TASK GOAL: In the listing below, find the line containing "Used Toyota RAV4 222 HP (163 kW) 2025 SUV" and the line containing "summer men's gym". Repeat exactly those two lines and every line between them, nothing more.

EXTRACTED ENTRIES:

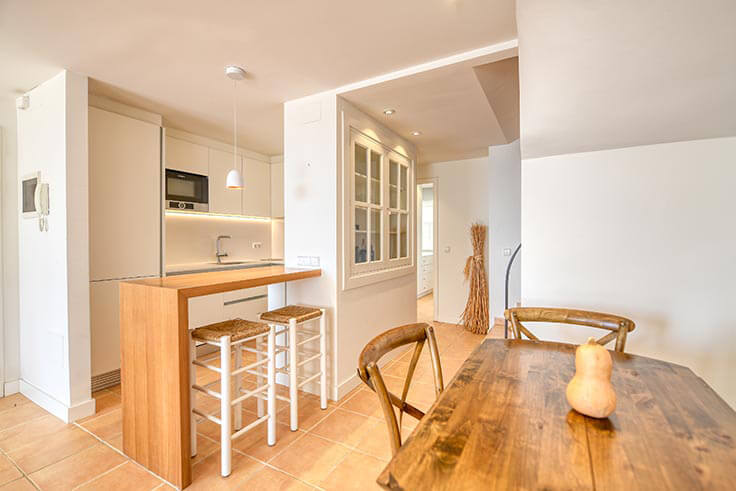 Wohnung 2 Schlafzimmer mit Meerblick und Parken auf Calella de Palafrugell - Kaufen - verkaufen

--

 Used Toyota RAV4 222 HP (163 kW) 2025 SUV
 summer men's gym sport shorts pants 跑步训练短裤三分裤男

WRITTEN SOLUTION:
 Used Toyota RAV4 222 HP (163 kW) 2025 SUV
 summer men's gym sport shorts pants 跑步训练短裤三分裤男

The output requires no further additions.